[SUPPLIED DATA — start]
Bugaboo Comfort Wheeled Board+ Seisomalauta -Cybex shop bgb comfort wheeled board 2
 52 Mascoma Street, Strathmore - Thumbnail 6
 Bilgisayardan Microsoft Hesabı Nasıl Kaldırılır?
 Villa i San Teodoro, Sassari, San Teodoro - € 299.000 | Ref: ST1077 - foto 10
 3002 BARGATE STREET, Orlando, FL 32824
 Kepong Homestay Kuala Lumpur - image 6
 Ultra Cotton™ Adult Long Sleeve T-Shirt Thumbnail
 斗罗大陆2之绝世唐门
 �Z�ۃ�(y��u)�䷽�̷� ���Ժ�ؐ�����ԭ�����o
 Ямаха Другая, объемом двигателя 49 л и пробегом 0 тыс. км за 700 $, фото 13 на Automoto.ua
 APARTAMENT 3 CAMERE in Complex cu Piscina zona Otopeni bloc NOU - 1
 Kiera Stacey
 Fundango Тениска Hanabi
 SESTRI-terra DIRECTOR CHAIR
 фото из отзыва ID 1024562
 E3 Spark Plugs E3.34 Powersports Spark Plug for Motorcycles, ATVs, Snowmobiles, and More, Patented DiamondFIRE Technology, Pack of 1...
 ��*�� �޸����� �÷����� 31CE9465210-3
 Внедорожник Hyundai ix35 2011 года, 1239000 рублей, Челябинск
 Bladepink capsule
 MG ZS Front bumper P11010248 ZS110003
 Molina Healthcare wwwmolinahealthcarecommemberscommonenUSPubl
[SUPPLIED DATA — finish]
• _WORK ORDER_: The whole block of data above should be printed again verbatim.

• _RESPONSE TO THE TASK_:
Bugaboo Comfort Wheeled Board+ Seisomalauta -Cybex shop bgb comfort wheeled board 2
 52 Mascoma Street, Strathmore - Thumbnail 6
 Bilgisayardan Microsoft Hesabı Nasıl Kaldırılır?
 Villa i San Teodoro, Sassari, San Teodoro - € 299.000 | Ref: ST1077 - foto 10
 3002 BARGATE STREET, Orlando, FL 32824
 Kepong Homestay Kuala Lumpur - image 6
 Ultra Cotton™ Adult Long Sleeve T-Shirt Thumbnail
 斗罗大陆2之绝世唐门
 �Z�ۃ�(y��u)�䷽�̷� ���Ժ�ؐ�����ԭ�����o
 Ямаха Другая, объемом двигателя 49 л и пробегом 0 тыс. км за 700 $, фото 13 на Automoto.ua
 APARTAMENT 3 CAMERE in Complex cu Piscina zona Otopeni bloc NOU - 1
 Kiera Stacey
 Fundango Тениска Hanabi
 SESTRI-terra DIRECTOR CHAIR
 фото из отзыва ID 1024562
 E3 Spark Plugs E3.34 Powersports Spark Plug for Motorcycles, ATVs, Snowmobiles, and More, Patented DiamondFIRE Technology, Pack of 1...
 ��*�� �޸����� �÷����� 31CE9465210-3
 Внедорожник Hyundai ix35 2011 года, 1239000 рублей, Челябинск
 Bladepink capsule
 MG ZS Front bumper P11010248 ZS110003
 Molina Healthcare wwwmolinahealthcarecommemberscommonenUSPubl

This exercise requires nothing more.